Founder Fav: Smith Mission MIPS Helmet, $140
If you’re looking to break up with rentals, a helmet is a great first purchase to start curating your own gear collection. Compared to boots or skis, helmets are a relatively inexpensive investment with a high pay off–protecting your precious lil’ dome.
Another top contender from Smith is the Mission MIPS, which just so happens to be our founder Madeleine’s all-time favorite helmet. Yet another chic design with hundreds of 5 star reviews, it’s no wonder why she’s rocked it for multiple seasons. Madeleine raves about the option to pop in and secure her most coveted Aleck headphones, which boast GPS and intercom features so her and her friends stay easily connected on the mountain. She especially crushes on the extra venting of this style. “It feels great to open those puppies on a bluebird day and let my brain breathe.” If overheating is the reason you ditch your helmet mid–ride, this option is just right for you. Still worried about your fringe post ski? We’ve got all the bases covered with this guide to combat the dreaded helmet hair.
Most Technical: Oakley Mod 1 Pro - MIPS Helmet, $155
A brand widely known in the ski community for their high performance PRIZM goggles, Oakley also delivers state–of–the–art tech for their helmets. The Mod 1 Pro style is their newest release and delivers on style, form and function. It’s made with a Dura-Matter shell making it (obv) highly durable, and BOA and MIP combined technologies for the most adaptive fit and comfort. It also has some bells and whistles that may not be strictly necessary, but that I for one would seriously appreciate. For example , I despise having to take off my gloves to fasten my helmet, and this style has a Fidlock® magnetic buckle, making it simple to clip on and off. This is yet another Bluetooth-compatible helmet with removable ear pads to keep your dome safe, clean and tuned up while riding. Killer technical specs aside, I am also loving the shape of this helmet. The white version looks eerily similar to this vintage Chanel, but with added protection and the non-designer price tag.
Best Budget friendly: Wildhorn Outfitters Drift Helmet, $94
I think it’s evident by now that MIPS helmets are the gold standard for cranium protection, and our go–to picks. Still, a MIPs almost always bumps up the price to $150 and over: not a number everyone is jazzed about. If the cost is giving you pause, the Drift Helmet from Wildhorn is a great choice. This was my first ever gear purchase after ditching rentals, and it got me through some pretty serious falls unscathed. It’s lightweight, vented and works great with my Oakley Flight Deck Goggles. (No gappage!) A common feature of our favorites, this also has the option for bluetooth headphone inserts. This particular style is even touted as the official helmet for olympic freeskier Ashley Caldwell, so you know it’s good stuff.

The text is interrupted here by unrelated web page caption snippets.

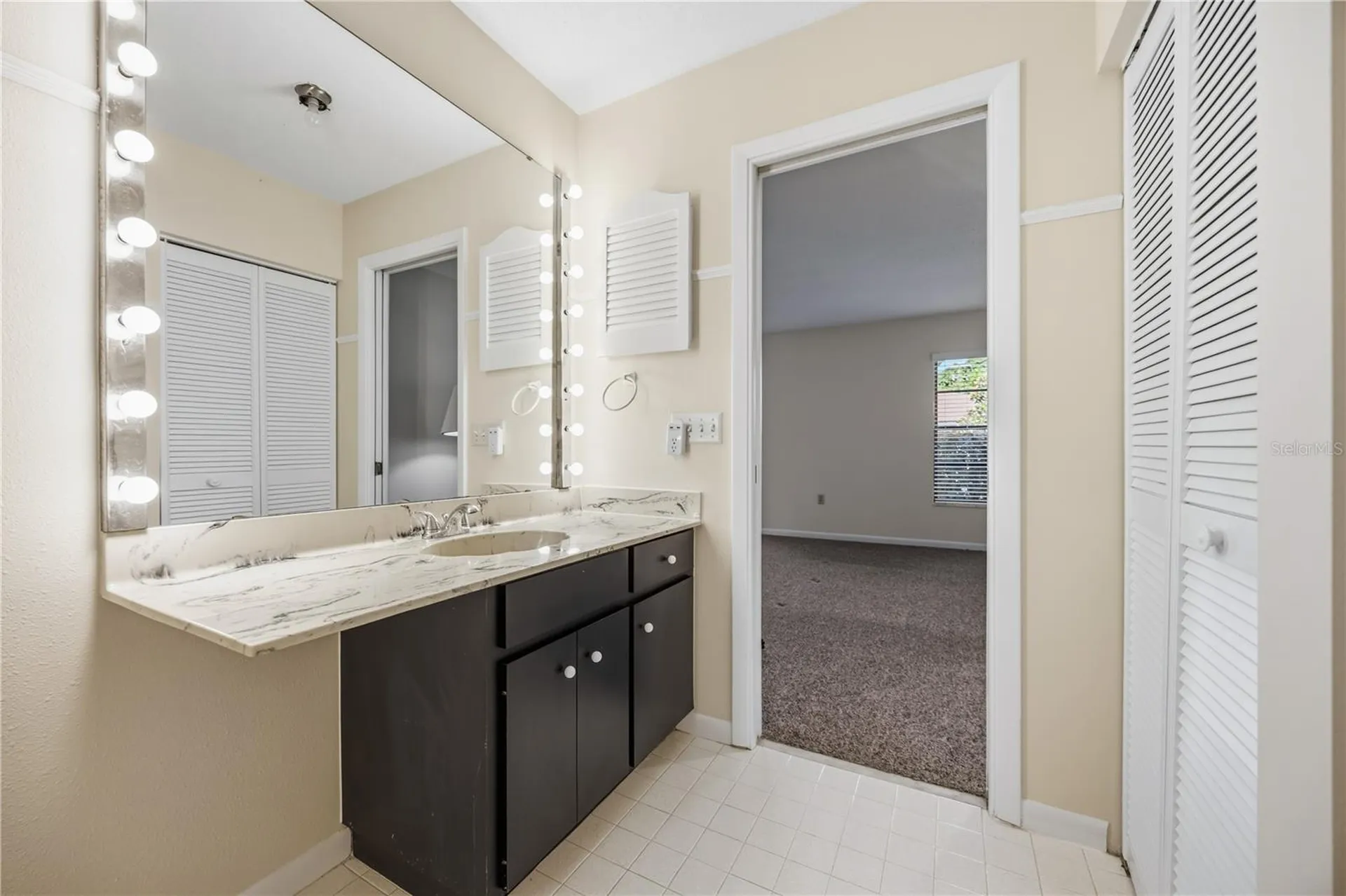 849 Senda Plata Venice FL 34293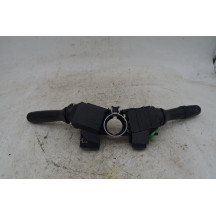 Devioluci Completo Toyota Auris dal 2007 al 2012 Cod 173832  1789636507914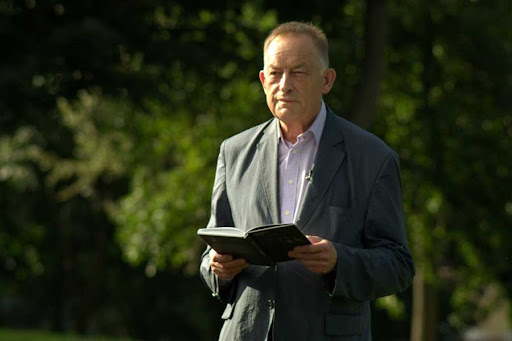 card-image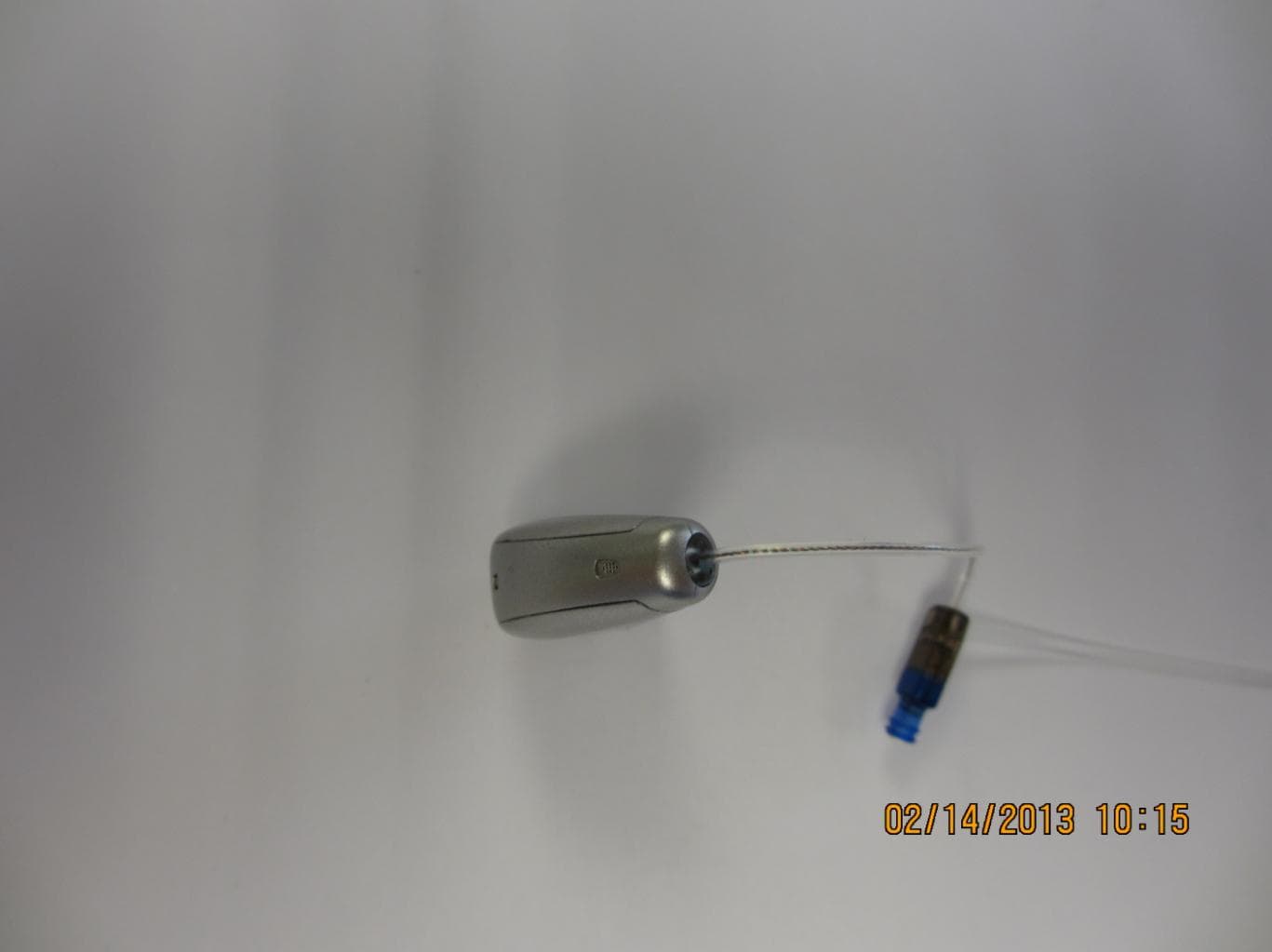 24HALOXF13 - FCC ID EOA-24HALOXF13 - Starkey Laboratories Inc (2)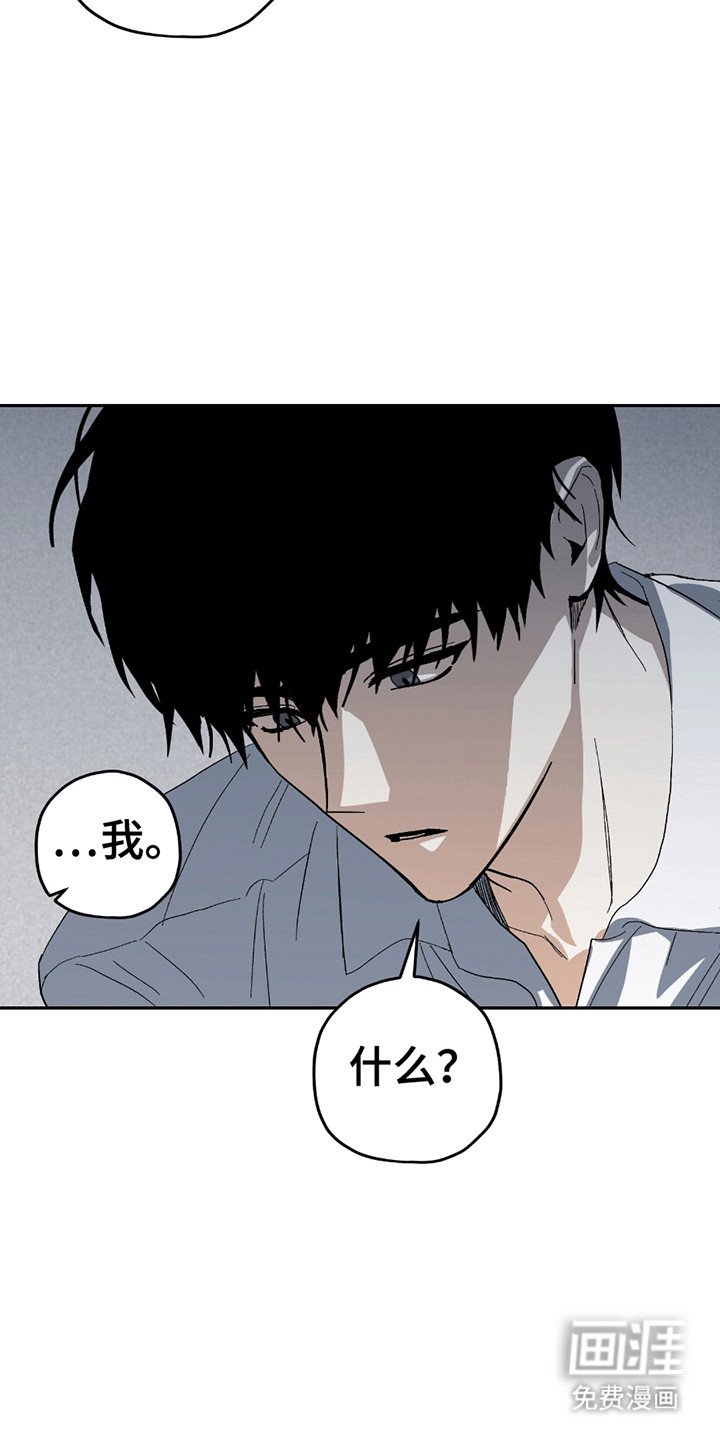 第5章：小学鸡吵架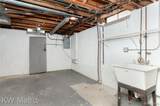 595 Shenandoah Drive - Photo 25
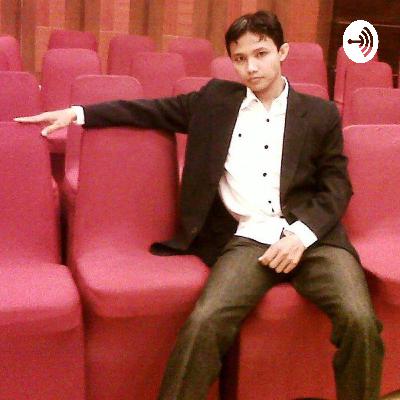 Kajian Logika Pandangan Dunia - Perspektif Dr. Muhsin Labib, MA #005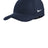Nike Dri-FIT Featherlight Performance Cap. NKFB5666 Nike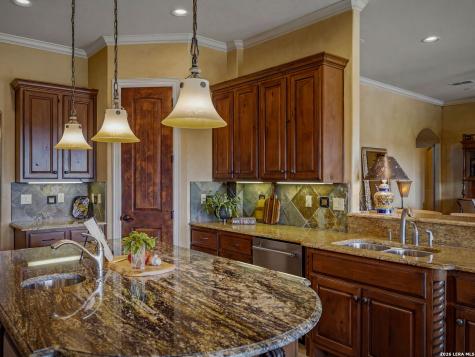 14950 Iron Horse Way Helotes TX 78023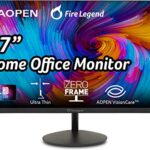 aopen 27sa2 bi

A non MIPS helmet can still provide you with great protection, and is definitely better than opting for no helmet at all. Stylish safety should be accessible to everyone! Wildhorn also recently came out with a MIPS style that you can check out here; reviews say it’s a great choice for beginners.
Best Splurge: POC Levator MIPS Helmet, $550
On the opposite end of the budget spectrum; POC’s first ever visor helmet has made waves with its avant-garde, futuristic take on the vintage European style. A more daring choice, this may not be for the faint of heart skier. But I, a solid moderate ride, am somehow absolutely obsessed. With a nearly panoramic view and interchangeable lenses, this helmet takes versatility to the next level. It has all the accouterments you could imagine, like fully adjustable ventilation, a magnetic chin strap and removable ear pads that boast Alcantara lining. With a reputable brand like POC behind this masterpiece, you can guarantee this helmet delivers on quality as well as next–level fashion. At $550, I’m not quite justifying the price of this—yet. But if neoteric design is your schtick, and the budget allows, be sure to snag this helmet. (and please, let me know how you love it.) In case it blows up, you heard it here first.